In my current project we are using Apache CommonsLogging backed up by Log4J.
Though it is a Multi-threaded application (processes multiple orders simultaneously), all the logs from all these threads simultaneously go inside a single file (via RollingFileAppender). Recently there was a change request to maintain separate logs for each order.
Having a separate file for every incoming order can prove a little more than costly.
— Housekeeping of these logs on the basis of time? Who decides which log has to be kept and which one has to be discarded? Perhaps it can be handled by writing a few shellscripts.
— Under development, or in production, for each run we’d have to open a different Log file to check the Logs for debugging purposes.
— On a Unix server there is a limited number of inodes or files that you can keep inside a directory. You run out of it then you cannot create more files and for such a bulky directory, manipulation would be a big pain.
So I would rather append an identifier (which can tell the order uniquely) with each and every log statement and then can easily `grep` the main Log file for the complete logs of a particular order.
— Appending ORDERID of that order to each and every log statement of a big big application would be a major overhead and isn’t maintainable.
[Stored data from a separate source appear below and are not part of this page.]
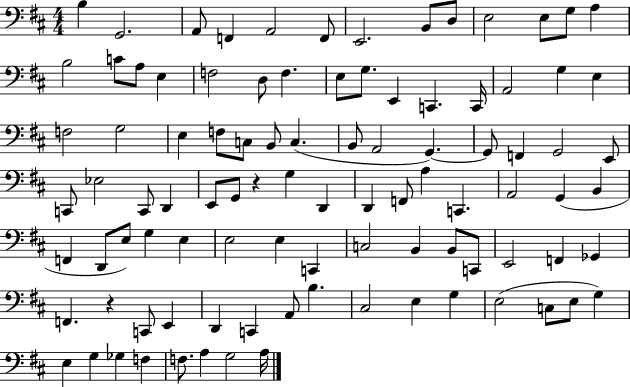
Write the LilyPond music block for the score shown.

{
  \clef bass
  \numericTimeSignature
  \time 4/4
  \key d \major
  b4 g,2. | a,8 f,4 a,2 f,8 | e,2. b,8 d8 | e2 e8 g8 a4 | \break b2 c'8 a8 e4 | f2 d8 f4. | e8 g8. e,4 c,4. c,16 | a,2 g4 e4 | \break f2 g2 | e4 f8 c8 b,8 c4.( | b,8 a,2 g,4.~~) | g,8 f,4 g,2 e,8 | \break c,8 ees2 c,8 d,4 | e,8 g,8 r4 g4 d,4 | d,4 f,8 a4 c,4. | a,2 g,4( b,4 | \break f,4 d,8 e8) g4 e4 | e2 e4 c,4 | c2 b,4 b,8 c,8 | e,2 f,4 ges,4 | \break f,4. r4 c,8 e,4 | d,4 c,4 a,8 b4. | cis2 e4 g4 | e2( c8 e8 g4) | \break e4 g4 ges4 f4 | f8. a4 g2 a16 | \bar "|."
}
What if there comes a NEWUNIQUEVALUE for the orders!?
— Appending ORDERID just to the first and the last log statement wouldn’t guarantee that all the logs which get extracted are of that same order. It is a multi-threaded application anyway.
Step1:
Make changes to the Log4J.properties file. Add a %t at the starting of the Pattern.
Eg.
ConversionPattern=%p %c – %m%n
to
ConversionPattern=%t %p %c – %m%n
(Here we are asking the Logging Framework to append the name of the Thread to the logs)
t = Used to output the name of the thread that generated the logging event.
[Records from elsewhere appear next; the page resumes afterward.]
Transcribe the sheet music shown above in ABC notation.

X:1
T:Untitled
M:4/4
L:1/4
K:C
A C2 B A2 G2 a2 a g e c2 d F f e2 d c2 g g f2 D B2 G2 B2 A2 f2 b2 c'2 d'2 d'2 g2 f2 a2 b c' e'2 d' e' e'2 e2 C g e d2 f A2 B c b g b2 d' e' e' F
p = Used to output the priority of the logging event.
c = Used to output the category of the logging event.
m = Used to output the application supplied message associated with the logging event.
n = Outputs the platform dependent line separator character or characters.
Step2:
In your Java code, inside the run() method of the ThreadClass or the Concrete Implementation of the Runnable Interface change the name of the Thread using:
String uniqueOrderId = ${ fetched from inside the order XML etc }; Thread.currentThread().setName(uniqueOrderId);
If for some reason you need to preserve the ThreadName, in that case append it back to the uniqueOrderId.
Step3:
$ grep uniqueOrderId MAINLOG.log > uniqueOrderId.log
(find the lines with uniqueOrderId in the MAINLOG.log and create a new file uniqueOrderId.log with that)
COMPILE and EXECUTE!
(Dinner is getting cold. I know I could have been more verbose! TING!)